The Compleat Kepler: Valentine’s Day February 4, 2013Posted by eviljwinter in Books, Fiction.
Tags: Nick Kepler, The Compleat Kepler, Valentine's Day
“Valentine’s Day” was the second Kepler story I’d ever written. It was also the second one published, having appeared in Nefarious: Tales of Mystery, which is still around after all this time.
This was an odd one. The character of Greta Rensileer came first. She was based on someone I knew from an Internet discussion group who was obsessed with William Shatner. Now, she wasn’t the only one I knew like that. I had a really good friend who started a podcast about all things Shatner that recently has added digs at Chris Pine (aka the new Captain Kirk) to its snark repertoire. However, my friend is amused by her own crush. Greta’s inspiration?
Not so much. In fact, my friend and I were discussing how creepy this person was. Casting about for new trouble to get Nick into, I thought of our mutual acquaintance and thus Greta was born. Of course, like any character inspired by a real person, they generally take on a life of their own. Greta was no exception. She bears no resemblance to my creepier Shatner-obsessed acquaintance.

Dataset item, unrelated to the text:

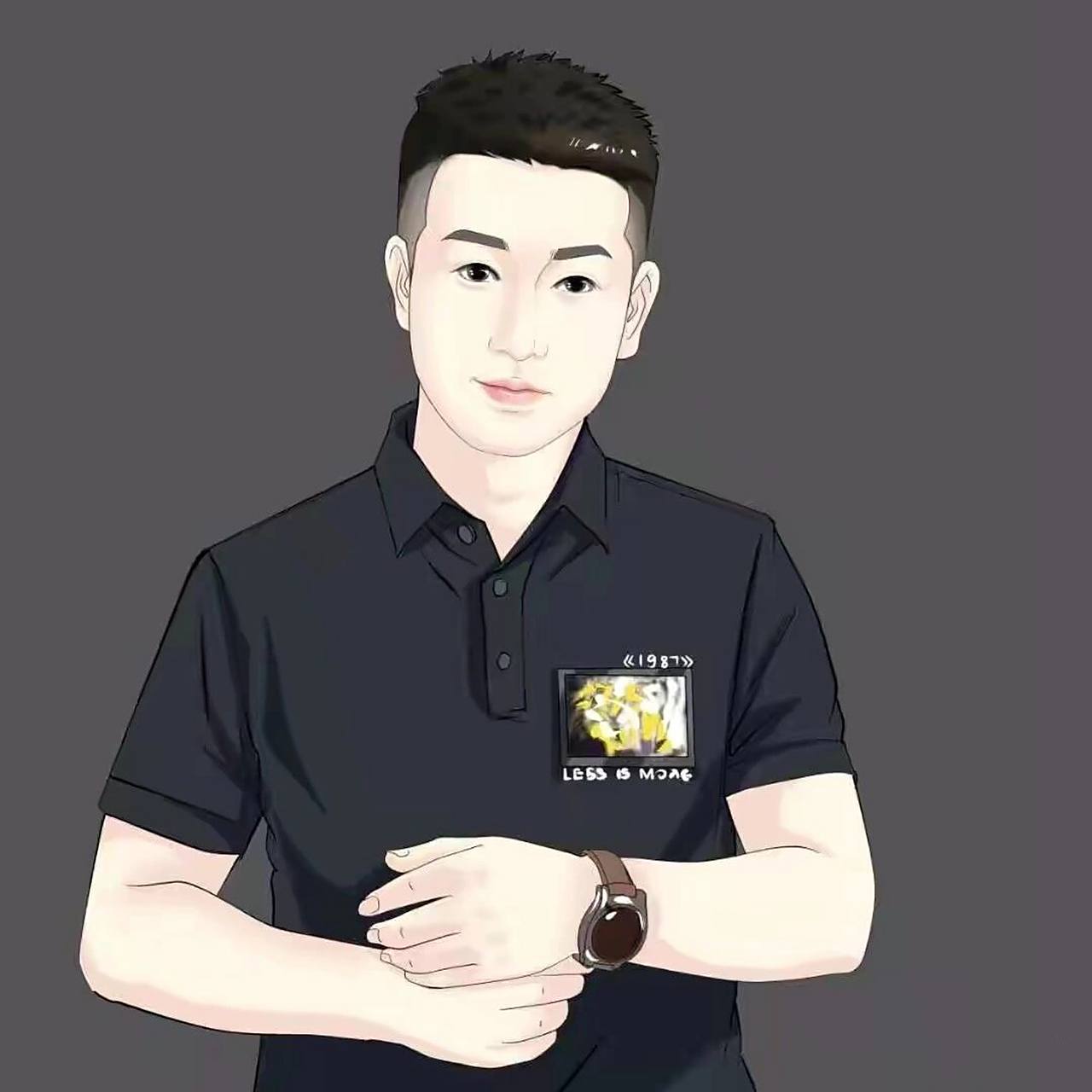 你的头像该换啦,四十岁大叔手绘头像 更新一组稳重大气,简约大气的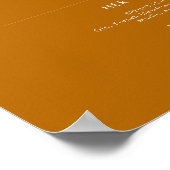Simple Desert | Burnt Orange Signature Drinks Sign ポスター (角)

I started with Shatner himself and found a photo of him online from his pre-Star Trek days. I thought he looked like Clark Gable without the mustache. I didn’t want to use Shatner himself. Kepler would likely recognize him, especially with a Star Trek-obsessed pal. So I used the description for the photo and worked from there.
Was he real? Was this person actually Sam Jameson (Trek fans will get the inside joke with that name) a living, breathing entity? As time goes by, and Nick runs into more and more brick walls, and occasionally fists, he’s not so sure. Moreover, Greta’s attention toward him becomes more and more uncomfortable. She’s a strange one, taken to doing bizarre sculpture in the nude, finding Nick’s apartment without his telling her. Nick concludes he has a stalker.
It was a fun story to write, one I sent to my friend, she of the Shatner podcast. She immediately knew who had inspired it, even if Greta was her own living, breathing person. A cruel joke? I didn’t crow about it. I generally try not to base characters on real people if I can help it. Public figures are an exception, but we only see public figures’ personas, seldom their private lives. And Greta’s inspiration? Never met her in real space. So Greta is quite likely unlike the person we saw on the Internet.